Should Journalists Engage on Twitter?

One of the cool things about Twitter is the back and forth that can develop between parties, short and punchy discussions about various issues. It can also be a valuable way for companies or organizations to respond to public input and inquiries.

Journalists on Twitter can have it tough sometimes, but most of them do a wonderful job of mixing the personal and the professional.

But is there a grey area when it comes to responding to the public regarding stuff that you've reported or written?

The Washington Post seems to think so.

According to Mashable the other day, the Post has told its journalists not to engage the public on Twitter, especially in answering any critics of their work.

It all started with a "controversial guest article online called 'Christian Compassion Requires the Truth About Harms of Sexuality,' by Tony Perkins."

The article was about the large number of recent teenage suicides that occurred after the teens were being bullied for being gay. It talked about homosexuality as a "mental condition" and stuff like that. GLAAD got into the picture, responding on Twitter and on its web site, criticizing the article. One of the Post editors attempted to defend the article by saying it was attempting to address "both sides" of the issue, and GLAAD responded with a tweet saying that there are not two sides to the teen suicide issue.

Shortly after this, a memo went out stating that Post reporters should not be responding to their critics on Twitter, or really to anybody, via their Post accounts.

This sentence in the memo (reprinted on the Mashable article) is especially striking:

"Even as we encourage everyone in the newsroom to embrace social media and relevant tools, it is absolutely vital to remember that the purpose of these Post branded accounts is to use them as a platform to promote news, bring in user generated content and increase audience engagement with Post content."

How exactly are you "increasing audience engagement with Post content" if you're not allowed to interact with people about it? Sure, you can say "thank you!" if somebody says "hey, what a cool article!" But how many people actually do that? Most responses to a post will be in a questioning or criticizing mode.

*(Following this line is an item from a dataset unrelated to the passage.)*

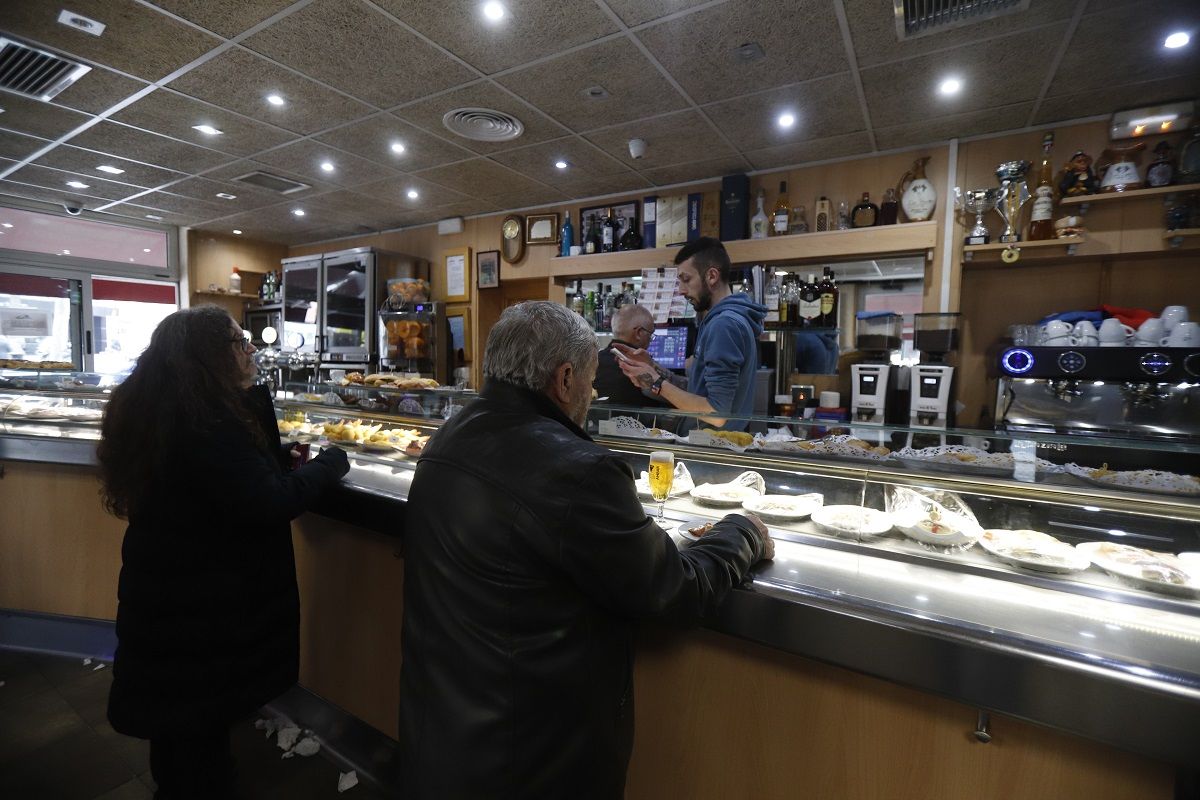 En imágenes | Montesol, el bar de Zaragoza con las papas bravas más famosas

Vadim Lavrusik, the Mashable writer, puts it beautifully:

"Sure, it makes sense that they should rein in who manages the Washington Post-branded Twitter account, as that could be seen as an “official” response of the company and not an individual. But putting a stop on engagement and conversation regarding Post stories from journalists will only distance those reporters from the very community they are a part of. Perhaps a clarification to “speak on behalf of the Post,” could clear up what is okay for journalists to engage in dialogue. But it is also likely that some journalists will now avoid it altogether. There also seems to be a disconnect in what journalists are encouraged to increase audience engagement with Post content, and not the journalists themselves."

I'm not advocating that journalists get into wild debates on Twitter about their articles; there's something to be said for letting an article speak for itself. But I think the Post is taking this to the opposite extreme.

If all you want is to advertise your content, then remove your journalists from Twitter completely and just set up an auto-feed. Let boredom ensue.

But if you want your audience to be engaged with your content, then let your reporters be engaged too! Enough of this one-way street, or as Lavrusik says, "It only reaffirms the old model of “we publish and you listen,” and a model that had a disconnect from the news process and the former audience."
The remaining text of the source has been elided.